Phase 6 — Cross-Task Consistency

• Env-var pattern matches AZ-595: the same E2E_SITL_REPLAY_DIR semantics (set → use; unset / empty / whitespace → ignore). A future fixture builder will set the env var once for the whole scenario run, and both sitl_observer (reads) + fc_proxy_runtime (writes the audit report) consume it from a single source of truth.
• ProxyDriveReport field names mirror the existing ProxyAlignmentReport in fc_proxy.py for alignment_err_ms. No name churn for the AC-3 / AC-NEW-3 evaluator that will eventually read it (blackout_spoof_evaluator already references alignment_err_ms from the proxy's own activation report).
• FileNotFoundError / ValueError discipline matches the rest of e2e/runner/helpers/ (per the b73-b75 cumulative review): missing inputs → FileNotFoundError, malformed inputs → ValueError with a file pointer.
• FT-N-04 scenario rewire: the local _drive_fc_proxy stub now imports runner.helpers.fc_proxy_runtime.drive_fc_proxy and calls it. The scenario's sitl_replay_ready skip gate (added in b75) continues to gate on E2E_SITL_REPLAY_DIR; the new helper writes its audit report into that same directory when the gate is open.

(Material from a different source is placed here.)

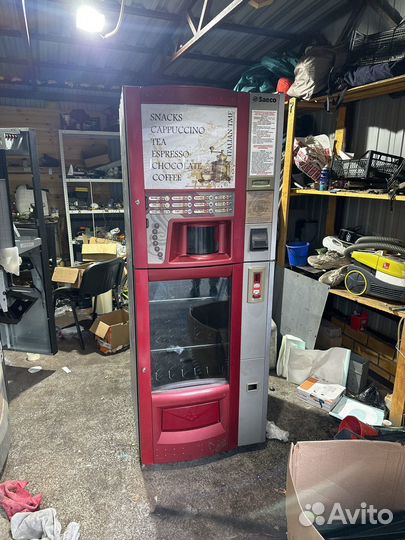 Комбиснек саеко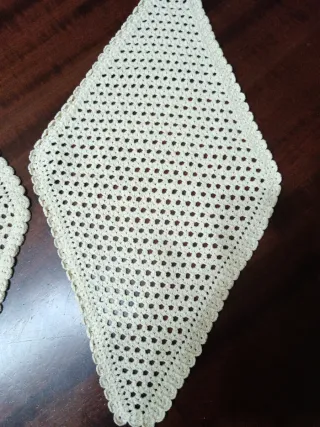 Centrini uncinetto beige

Phase 7 — Architecture Compliance

• Module placement: e2e/runner/helpers/fc_proxy_runtime.py (new)
  • e2e/_unit_tests/helpers/test_fc_proxy_runtime.py (new). Both registered in e2e/_unit_tests/test_directory_layout.py; the layout invariant test still passes.
• No src/gps_denied_onboard imports anywhere. Confirmed.
• No new top-level dependencies — stdlib only on the runner side; the test side adds nothing new. requirements.txt untouched.
• Backwards-compatible: the BlackoutSpoofProxy change is purely additive — three new @property accessors. Existing callers (the injector's own self-tests, the FT-N-04 fixture) keep working unchanged.

Test Results

• New unit tests: 11 (3 schedule load/error, 2 activation, 6 replay-dir write).
• Full e2e/_unit_tests suite: 608 passed in 124 s (previous cumulative: 596 → +12 net = +11 new fc_proxy_runtime tests + 1 new directory-layout parametrize entry).
• No new linter errors (ReadLints clean on fc_proxy_runtime.py, test_fc_proxy_runtime.py, fc_proxy.py, test_ft_n_04_blackout_spoof.py, test_directory_layout.py).